Half-Life Comparison
Rimegepant has a similar half-life to triptans, not a longer one. The elimination half-life of rimegepant is approximately 11 hours 1, which is comparable to most triptans and does not represent a clinically meaningful advantage in duration of action.
Efficacy vs Lasmiditan
Evidence is insufficient to conclude that rimegepant is more effective than lasmiditan. The 2025 American College of Physicians guidelines explicitly state that comparative evidence between rimegepant and lasmiditan is very limited, with insufficient-certainty evidence for any comparative effectiveness findings 3.

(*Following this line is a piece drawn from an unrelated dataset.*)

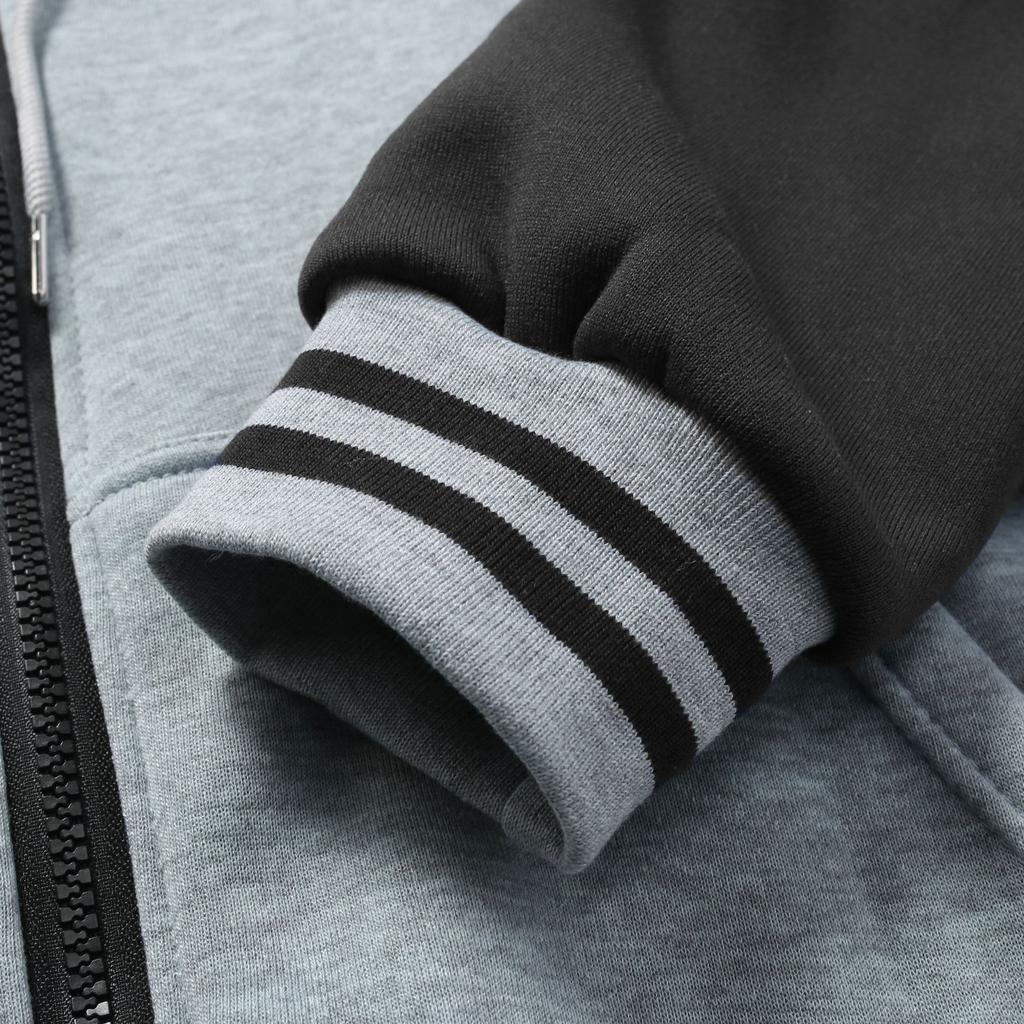 Худи "Jaggad" для мужчин Кардиган на молнии Худи с капюшоном и карманом Спорт и отдых Мужская мода Толстовки и свитшоты Уличная одежда Повседневные Мужские пальто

- A 2022 network meta-analysis found that efficacy outcomes (pain freedom and relief at 2,24, and 48 hours) tended to be highest for lasmiditan 200 mg and rimegepant, followed by lower doses of lasmiditan 4
- The same analysis showed rimegepant had higher rates of pain freedom and relief than lower doses of lasmiditan (50 mg and 100 mg), but the comparison with lasmiditan 200 mg was equivocal 4
- Lasmiditan 200 mg was associated with significantly higher rates of adverse events, particularly somnolence and dizziness, compared to rimegepant 4
The 2021 Nature Reviews Neurology guidelines indicate that indirect comparison of data from randomized controlled trials suggests lasmiditan efficacy is comparable to triptans 3, and since rimegepant appears less effective than triptans based on the 2025 ACP guidelines 3, this suggests lasmiditan may have a slight efficacy edge over rimegepant.
Medication Overuse Headache Risk
Rimegepant appears to have a lower risk of causing medication overuse headache compared to triptans, though definitive evidence is limited.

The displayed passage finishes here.